「身代わりの祈り」
お元気ですか? 明智信作です。
前回、パレスチナの北に住む、カナンの女が、自分の娘のことで、イエスに助
けを求めて、「主よ、ダビデの子よ、わたしを憐れんで下さい。娘が悪霊にとり
つかれて苦しんでいます」と叫び続けた、というお話をしました。
この女性には、娘がこのようになった原因が、自分にあったと感じていたかも
知れません。自分のためにこんな苦しい思いをさせてしまった、と感じていたの
かも知れません。
たといそうでなくても、親として、娘の苦しむ姿を見ることは、苦しい事でし
た。だから、「娘をあわれんでください」とは言わずに、「わたしをあわれんで
ください」と叫んでいるのです。
この女の叫びは、祈りそのもの、魂の叫びそのものと受けとめることができる
のではないでしょうか。
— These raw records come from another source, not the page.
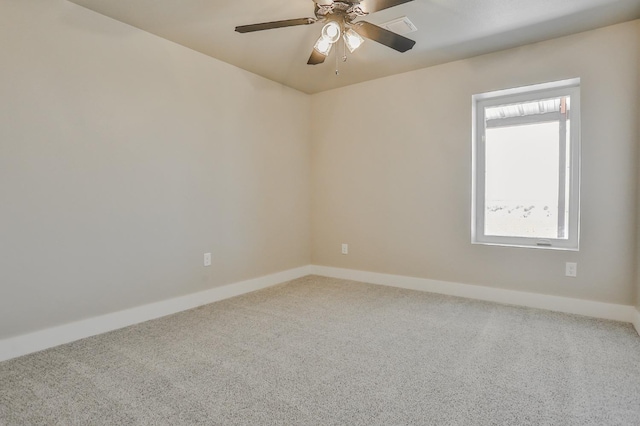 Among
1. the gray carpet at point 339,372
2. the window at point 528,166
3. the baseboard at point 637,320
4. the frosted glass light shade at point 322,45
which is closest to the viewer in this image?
the gray carpet at point 339,372

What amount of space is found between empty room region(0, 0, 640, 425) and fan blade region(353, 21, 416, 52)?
47 millimetres

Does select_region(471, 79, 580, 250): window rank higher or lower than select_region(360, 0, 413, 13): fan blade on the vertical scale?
lower

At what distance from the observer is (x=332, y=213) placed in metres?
4.24

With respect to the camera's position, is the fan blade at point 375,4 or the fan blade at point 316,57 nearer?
the fan blade at point 375,4

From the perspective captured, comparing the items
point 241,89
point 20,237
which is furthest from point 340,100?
point 20,237

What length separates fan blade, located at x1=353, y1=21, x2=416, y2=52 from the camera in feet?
6.81

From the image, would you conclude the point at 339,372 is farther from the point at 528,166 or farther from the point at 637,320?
the point at 528,166

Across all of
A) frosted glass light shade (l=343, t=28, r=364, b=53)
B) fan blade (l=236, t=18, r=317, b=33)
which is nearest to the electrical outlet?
frosted glass light shade (l=343, t=28, r=364, b=53)

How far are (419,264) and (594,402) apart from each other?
2.05m

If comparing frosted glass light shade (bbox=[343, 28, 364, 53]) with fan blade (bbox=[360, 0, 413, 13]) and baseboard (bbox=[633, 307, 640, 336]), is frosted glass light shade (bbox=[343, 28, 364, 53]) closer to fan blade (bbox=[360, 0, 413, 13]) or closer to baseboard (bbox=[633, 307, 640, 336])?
fan blade (bbox=[360, 0, 413, 13])

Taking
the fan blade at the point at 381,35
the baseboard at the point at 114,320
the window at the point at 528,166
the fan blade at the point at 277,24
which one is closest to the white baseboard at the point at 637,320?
the window at the point at 528,166

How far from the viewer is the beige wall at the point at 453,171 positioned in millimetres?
2684

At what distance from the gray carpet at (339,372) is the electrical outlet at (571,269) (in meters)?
0.34

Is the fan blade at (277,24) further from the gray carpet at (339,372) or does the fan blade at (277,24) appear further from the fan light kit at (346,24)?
the gray carpet at (339,372) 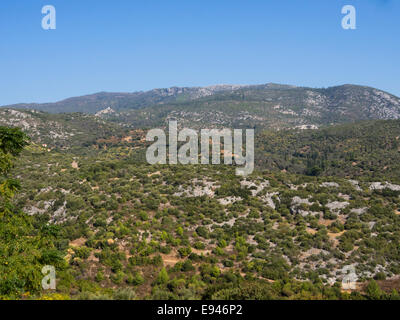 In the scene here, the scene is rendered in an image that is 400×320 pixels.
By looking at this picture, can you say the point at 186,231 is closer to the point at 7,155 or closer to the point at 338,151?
the point at 7,155

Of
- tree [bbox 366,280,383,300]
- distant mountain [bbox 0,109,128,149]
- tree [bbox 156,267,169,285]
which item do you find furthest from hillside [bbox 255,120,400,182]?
tree [bbox 156,267,169,285]

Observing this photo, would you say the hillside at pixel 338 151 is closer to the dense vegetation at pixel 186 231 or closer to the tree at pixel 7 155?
the dense vegetation at pixel 186 231

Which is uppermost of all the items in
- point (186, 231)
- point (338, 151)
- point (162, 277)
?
point (338, 151)

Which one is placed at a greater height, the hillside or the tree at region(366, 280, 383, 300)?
the hillside

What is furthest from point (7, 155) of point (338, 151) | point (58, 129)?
point (58, 129)

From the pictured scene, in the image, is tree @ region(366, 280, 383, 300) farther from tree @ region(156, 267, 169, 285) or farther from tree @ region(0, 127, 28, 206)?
tree @ region(0, 127, 28, 206)

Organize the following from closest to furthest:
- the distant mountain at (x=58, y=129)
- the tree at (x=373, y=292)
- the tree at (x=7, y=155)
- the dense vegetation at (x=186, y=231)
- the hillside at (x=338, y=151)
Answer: the tree at (x=7, y=155), the dense vegetation at (x=186, y=231), the tree at (x=373, y=292), the hillside at (x=338, y=151), the distant mountain at (x=58, y=129)

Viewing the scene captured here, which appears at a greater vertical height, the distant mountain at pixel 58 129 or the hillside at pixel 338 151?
the distant mountain at pixel 58 129

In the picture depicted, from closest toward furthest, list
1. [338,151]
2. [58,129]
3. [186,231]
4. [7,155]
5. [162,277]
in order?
[7,155] < [162,277] < [186,231] < [338,151] < [58,129]

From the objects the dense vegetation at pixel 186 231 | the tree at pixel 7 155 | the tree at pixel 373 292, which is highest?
the tree at pixel 7 155

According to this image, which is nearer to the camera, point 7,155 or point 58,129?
point 7,155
この女は、娘のために、イエスに向かって、とりなしの
祈りをしているのです。
この女はカナンの女でした。当時、カナン人とユダヤ人は、お互いに憎み合っ
ていました。しかし、イエスは、彼女がカナン人であり、また宗教が異なってい
たにもかかわらず、彼女の叫びと訴えに答えて、娘をいやしておられます。
これは、当時のユダヤ人の価値観からすれば、考えられないことでした。イエ
スのみわざを見る時、イエスの宗教は、年齢、地位、国籍や、宗教上の区別さえ
問題にしないこと、またイエスの目には、だれでも皆、すべて等しく尊い存在で
あることがわかります。
そして、だれでも、必要を感じて、イエスに助けを求めるなら、背景がどうで
あれ、イエスはその祈りに耳を傾けて下さるお方であることを知ることができる
のであります。とりわけ、「身代わりの祈り」には力があります。「身代わりの
祈り」とは、祈る人の立場になり、その人の悩み苦しみを自分のものとして祈る
祈りです。
娘の病気のことで、「わたしをあわれんでください」と真剣に、切実に、叫ん
だカナンの女のように祈る祈りは、力ある祈りであります。わたしも、このよう
な愛と祈りの人になりたいと思います。